- [Exercise]
Could you copy all of the records below exactly as they appear?

═══ Exercise data ═══

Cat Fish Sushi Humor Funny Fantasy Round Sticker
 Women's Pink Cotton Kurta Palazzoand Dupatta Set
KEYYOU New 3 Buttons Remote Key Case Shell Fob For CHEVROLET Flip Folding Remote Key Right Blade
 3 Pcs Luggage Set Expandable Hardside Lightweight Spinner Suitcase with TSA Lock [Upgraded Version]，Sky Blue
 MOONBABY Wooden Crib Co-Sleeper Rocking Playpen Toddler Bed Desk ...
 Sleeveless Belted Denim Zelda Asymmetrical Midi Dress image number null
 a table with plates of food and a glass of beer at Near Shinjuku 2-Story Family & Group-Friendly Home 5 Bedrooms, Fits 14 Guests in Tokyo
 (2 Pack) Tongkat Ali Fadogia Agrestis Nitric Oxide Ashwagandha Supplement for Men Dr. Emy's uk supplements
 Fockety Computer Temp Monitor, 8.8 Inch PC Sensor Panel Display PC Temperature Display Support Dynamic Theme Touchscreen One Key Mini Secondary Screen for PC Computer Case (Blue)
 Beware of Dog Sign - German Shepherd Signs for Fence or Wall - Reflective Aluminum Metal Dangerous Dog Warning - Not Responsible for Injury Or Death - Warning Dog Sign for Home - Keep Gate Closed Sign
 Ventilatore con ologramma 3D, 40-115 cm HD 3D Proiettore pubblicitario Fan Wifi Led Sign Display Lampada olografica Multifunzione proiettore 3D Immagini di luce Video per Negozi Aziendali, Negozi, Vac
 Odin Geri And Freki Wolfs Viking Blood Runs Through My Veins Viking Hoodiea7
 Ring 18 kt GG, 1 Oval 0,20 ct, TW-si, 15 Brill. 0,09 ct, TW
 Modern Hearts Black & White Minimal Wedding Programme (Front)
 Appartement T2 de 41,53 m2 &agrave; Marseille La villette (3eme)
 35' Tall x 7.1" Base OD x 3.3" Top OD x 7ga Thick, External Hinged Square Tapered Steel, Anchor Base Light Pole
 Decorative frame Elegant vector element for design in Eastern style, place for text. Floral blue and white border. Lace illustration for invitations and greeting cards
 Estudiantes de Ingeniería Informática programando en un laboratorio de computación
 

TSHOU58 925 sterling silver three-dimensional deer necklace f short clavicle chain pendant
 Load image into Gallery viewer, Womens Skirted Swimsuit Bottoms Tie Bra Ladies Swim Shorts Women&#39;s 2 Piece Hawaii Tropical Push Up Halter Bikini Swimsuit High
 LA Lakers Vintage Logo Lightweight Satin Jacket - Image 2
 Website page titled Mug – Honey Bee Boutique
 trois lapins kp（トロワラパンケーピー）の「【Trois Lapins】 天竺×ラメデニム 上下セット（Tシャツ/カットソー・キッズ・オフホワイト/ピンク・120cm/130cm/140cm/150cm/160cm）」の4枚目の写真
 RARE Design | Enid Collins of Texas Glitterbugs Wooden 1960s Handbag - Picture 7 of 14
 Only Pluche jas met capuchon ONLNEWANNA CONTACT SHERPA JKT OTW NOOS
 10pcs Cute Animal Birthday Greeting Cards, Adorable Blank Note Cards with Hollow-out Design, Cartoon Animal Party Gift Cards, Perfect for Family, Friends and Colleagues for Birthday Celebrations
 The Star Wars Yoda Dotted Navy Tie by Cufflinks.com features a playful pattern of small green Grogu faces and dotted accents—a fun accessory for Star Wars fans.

═══

- [Output]
Cat Fish Sushi Humor Funny Fantasy Round Sticker
 Women's Pink Cotton Kurta Palazzoand Dupatta Set
KEYYOU New 3 Buttons Remote Key Case Shell Fob For CHEVROLET Flip Folding Remote Key Right Blade
 3 Pcs Luggage Set Expandable Hardside Lightweight Spinner Suitcase with TSA Lock [Upgraded Version]，Sky Blue
 MOONBABY Wooden Crib Co-Sleeper Rocking Playpen Toddler Bed Desk ...
 Sleeveless Belted Denim Zelda Asymmetrical Midi Dress image number null
 a table with plates of food and a glass of beer at Near Shinjuku 2-Story Family & Group-Friendly Home 5 Bedrooms, Fits 14 Guests in Tokyo
 (2 Pack) Tongkat Ali Fadogia Agrestis Nitric Oxide Ashwagandha Supplement for Men Dr. Emy's uk supplements
 Fockety Computer Temp Monitor, 8.8 Inch PC Sensor Panel Display PC Temperature Display Support Dynamic Theme Touchscreen One Key Mini Secondary Screen for PC Computer Case (Blue)
 Beware of Dog Sign - German Shepherd Signs for Fence or Wall - Reflective Aluminum Metal Dangerous Dog Warning - Not Responsible for Injury Or Death - Warning Dog Sign for Home - Keep Gate Closed Sign
 Ventilatore con ologramma 3D, 40-115 cm HD 3D Proiettore pubblicitario Fan Wifi Led Sign Display Lampada olografica Multifunzione proiettore 3D Immagini di luce Video per Negozi Aziendali, Negozi, Vac
 Odin Geri And Freki Wolfs Viking Blood Runs Through My Veins Viking Hoodiea7
 Ring 18 kt GG, 1 Oval 0,20 ct, TW-si, 15 Brill. 0,09 ct, TW
 Modern Hearts Black & White Minimal Wedding Programme (Front)
 Appartement T2 de 41,53 m2 &agrave; Marseille La villette (3eme)
 35' Tall x 7.1" Base OD x 3.3" Top OD x 7ga Thick, External Hinged Square Tapered Steel, Anchor Base Light Pole
 Decorative frame Elegant vector element for design in Eastern style, place for text. Floral blue and white border. Lace illustration for invitations and greeting cards
 Estudiantes de Ingeniería Informática programando en un laboratorio de computación
 

TSHOU58 925 sterling silver three-dimensional deer necklace f short clavicle chain pendant
 Load image into Gallery viewer, Womens Skirted Swimsuit Bottoms Tie Bra Ladies Swim Shorts Women&#39;s 2 Piece Hawaii Tropical Push Up Halter Bikini Swimsuit High
 LA Lakers Vintage Logo Lightweight Satin Jacket - Image 2
 Website page titled Mug – Honey Bee Boutique
 trois lapins kp（トロワラパンケーピー）の「【Trois Lapins】 天竺×ラメデニム 上下セット（Tシャツ/カットソー・キッズ・オフホワイト/ピンク・120cm/130cm/140cm/150cm/160cm）」の4枚目の写真
 RARE Design | Enid Collins of Texas Glitterbugs Wooden 1960s Handbag - Picture 7 of 14
 Only Pluche jas met capuchon ONLNEWANNA CONTACT SHERPA JKT OTW NOOS
 10pcs Cute Animal Birthday Greeting Cards, Adorable Blank Note Cards with Hollow-out Design, Cartoon Animal Party Gift Cards, Perfect for Family, Friends and Colleagues for Birthday Celebrations
 The Star Wars Yoda Dotted Navy Tie by Cufflinks.com features a playful pattern of small green Grogu faces and dotted accents—a fun accessory for Star Wars fans.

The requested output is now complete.